Yang membuat ekowisata kopi Kerinci makin lengkap adalah keterampilan para petaninya dalam mengolah biji kopi yang benar. Hasilnya menjadi seduhan yang bercita rasa istimewa. Kopi setempat telah diekspor ke Asia, Eropa, dan Australia. Usaha produksi kopi setempat kerap pula menjadi tempat praktik dan studi banding pegiat kopi ataupun mahasiswa dan peneliti.
Perkebunan kopi dari ke tiga jenis kopi di Provinsi Jambi menyebar pada areal seluas 26.286 hektar (data Dinas Perkebunan Provinsi Jambi Tahun 2019). Produksinya mencapai 13.447 ton biji kering per tahun. Saat itu, kopi arabika Kerinci dan liberika Jambi telah mengatongi sertifikat Indikasi Geografis. Kopi arabika Kerinci ataupun robusta dari kaki Gunung Masurai di Merangin kerap memenangi sejumlah kontes nasional ataupun dunia soal cita rasa kopi.
Menurut peneliti Konservasi dan Ekowisata Perikanan Institut Pertanian Bogor, Fredinan Yulianda, pengelolaan ekowisata berbasis agroindustri harus seimbang melibatkan tiga hal, yakni konservasi, ekonomi, dan wisata. Jika ada salah satu yang terlalu dominan berpotensi merusak atau melemahkan lainnya.
Ia menjelaskan, ekowisata perlu mengedepankan konservasi, bukan eksploitasi.
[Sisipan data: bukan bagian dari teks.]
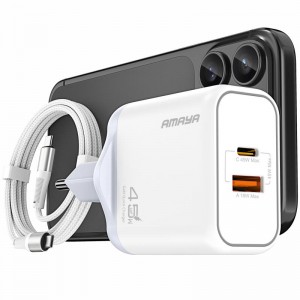 СЗУ Amaya E580T PD45W+QC3.0 GaN (1USB-A/1C) + кабель Type-C to Type-C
Selama ini, tambah Fredinan, banyak terjadi penyimpangan dalam pengelolaan ekowisata yang malah berdampak merusak alam. ”Ketika yang dimaksud wisata alam, manusia dan sumber daya alamnya harus menjadi prioritas,” katanya.
Ia kerap mendapati pengelolaan berat sebelah dengan menempatkan porsi industri pariwisata terlalu besar dengan alasan memenuhi kebutuhan pasar. Namun, mereka kurang mempertimbangkan daya dukung alamnya.
”Akibatnya sering kali pengelola meletakkan masyarakat dan alamnya di tempat kedua sehingga terabaikan karena lebih mengedepankan kebutuhan pengunjung. Padahal, masyarakat dan kelestarian alamnya dikedepankan, kepuasan pelanggan juga akan diperoleh,” ujarnya.
Ekowisata yang dikelola dengan seimbang akan menularkan semangat konservasi dan kepedulian lingkungan yang lebih kuat pada pengunjungnya. Kunjungan tidak semata rekreasi tetapi juga bernilai edukasi.